I figured I'd get this one out of the way now (a week or so before the PC Party of Alberta gets thrashed) because in a week or so, nobody's going to want to hear it.
In a week or so, all the talk will be about how the Wildrose is the new power in provincial politics, and everyone will be instant Wildrose fans. There will also be discussions at length about how conservatives in Ontario should follow their lead, and how the problem with the PC Party of Ontario is, and always has been, that they have the word "Progressive" in the title, and that there are too many "progressive" Red Tories in the party, and the solution is to get rid of both.
Unfortunately, purging the party of Reds is only going to solve part of the problem. There are at least three major differences I can think of that separate the Ontario political situation from that in Alberta.
First of all, from what I've seen, the PC Party of Alberta has completely taken this election on the chin. Faced with an angry electorate who wanted change, they immediately defaulted to howling about abortion. However, what is obvious to everyone, including Ontarians like me, is that the PC Party of Alberta doesn't really care about reproductive issues- they're just using them to distract people.
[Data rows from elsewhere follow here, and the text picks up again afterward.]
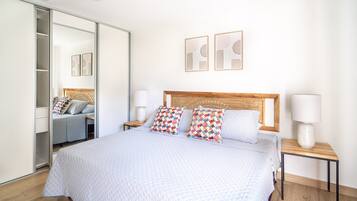 Talo, useita sänkyjä, parveke, näköala puutarhaan (Torres del Mar 1202) | 2 makuuhuonetta, yksilöllisesti sisustettu, yksilöllisesti kalustettu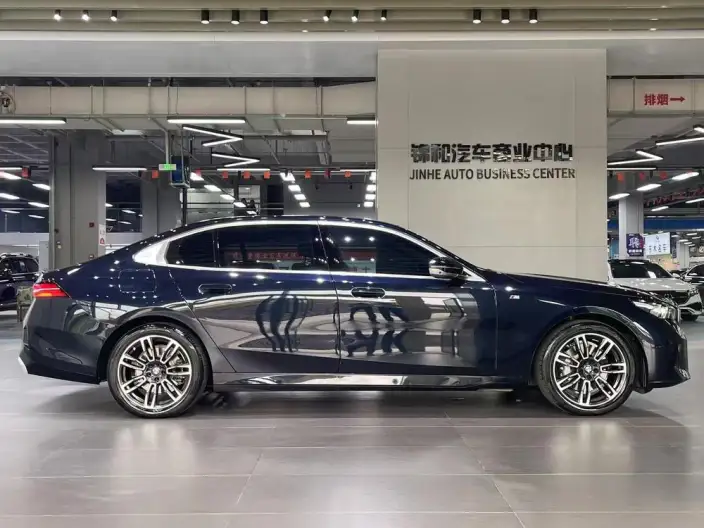 BMW 5 Series 2024 Model 530Li Leading Model M Sports Set – фото 7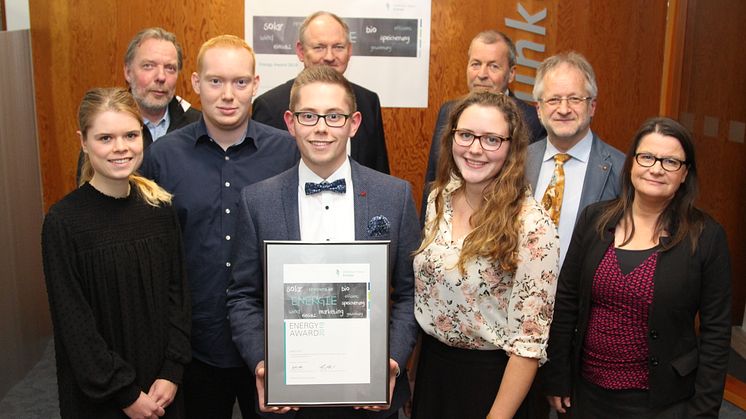 Die Preisträger Marie Schiermeyer, Fabian Borchert, Mirco Timmer und Janina Schröder (v. v. l.) mit Prof. Kathrin Lemme (TH OWL) sowie Klaus Maßmeyer (Jury TH OWL), Dr. Stephan Nahrath, Klaus Meyer und Prof. Dr. Ulrich Riedel (h. v.l.)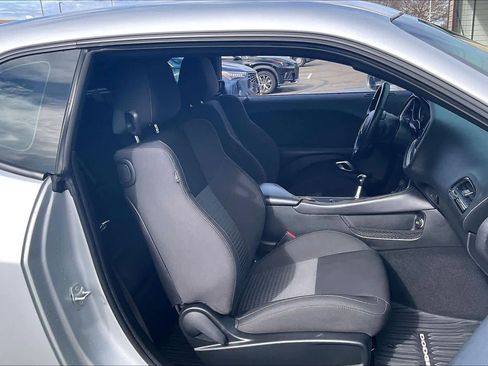 Used 2019 Dodge Challenger R/T image 10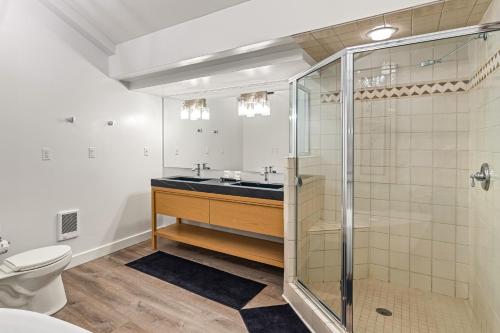 uma casa de banho com uma cabina de duche em vidro e um lavatório. em Tamarron Lodge 752 & 753 em Durango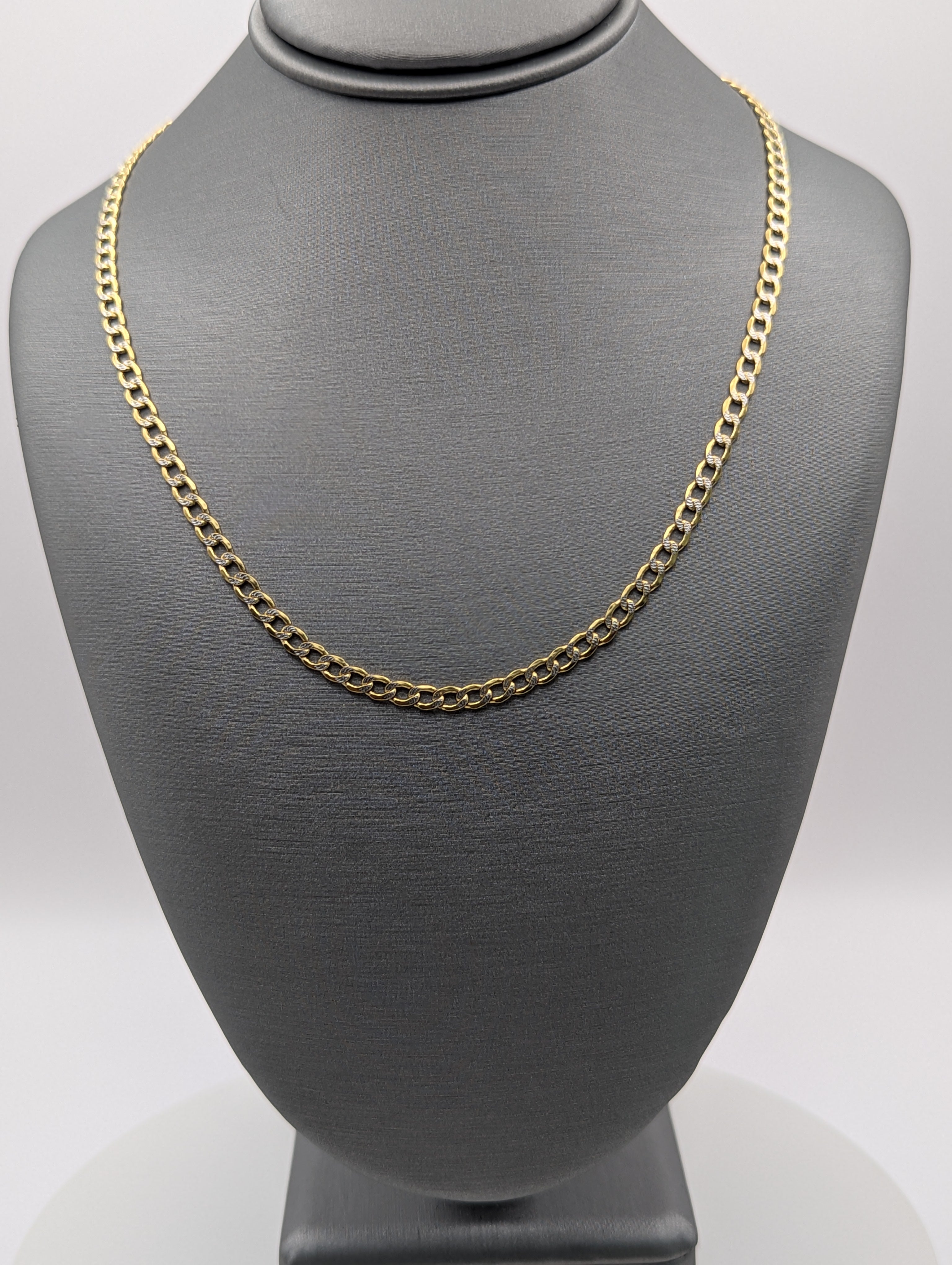 Cadena de eslabones tipo Curb, oro amarillo de 14K con corte de diamante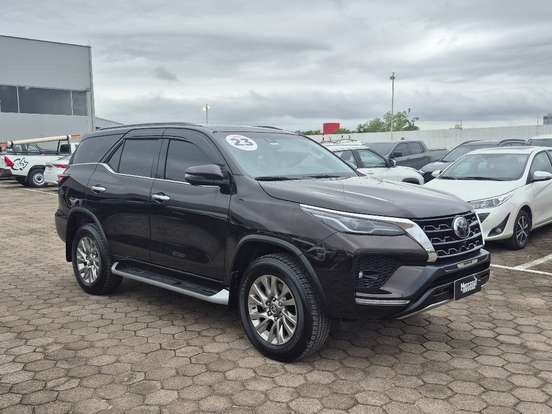 TOYOTA-HILUX SW4-2023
And they're not even doing that good of a job of distracting people.
Secondly, the PC Party of Alberta seems to be liked by precisely no one. Nobody in Alberta is about to lose sleep over Alison Redford getting tossed. I don't see any Working Families Coalition ads painting Danielle Smith as a patsy for oil patch executives. I don't see the mayor of Calgary, or any mayors for that matter, standing up for Redford. (Come to think of it, Mr. Nenshi has been awfully quiet lately. Didn't he help install Redford as leader of the Alberta PC's? Hmmm.)
Finally, Albertans, to their credit, do not stand for wishy-washy government and are actively engaged in provincial politics.
I was going to write a few paragraphs showing how the situation in Ontario is different from the above, but I hardly think that's necessary. Suffice it to say that McGuinty and his cult believe that they have a God-given right to government, actively borrow from Obama's playbook and frequently treat his advisors as honoured guests despite the supposed unpopularity of that administration in the United States, will profit from Working Families Coalition largesse and a bunch of affiliated municipal people in the next election, and that it wouldn't be a surprise to anyone if most Ontarians think Bill Davis is still Premier.
Oh, and as far as asking whether McGuinty really cares about reproductive rights? That's the sort of question that only sillies like me would ask.
By the way, did you know that Dalton's dear old dad once resigned as president of an Ottawa Liberal riding association over Trudeau's position on reproductive rights? True story.
So: If the coming Wildrose victory finally gets the PCPO to stop trying to win over people who will never vote for them and start being conservatives, that's fantastic. But by itself, it's not nearly enough.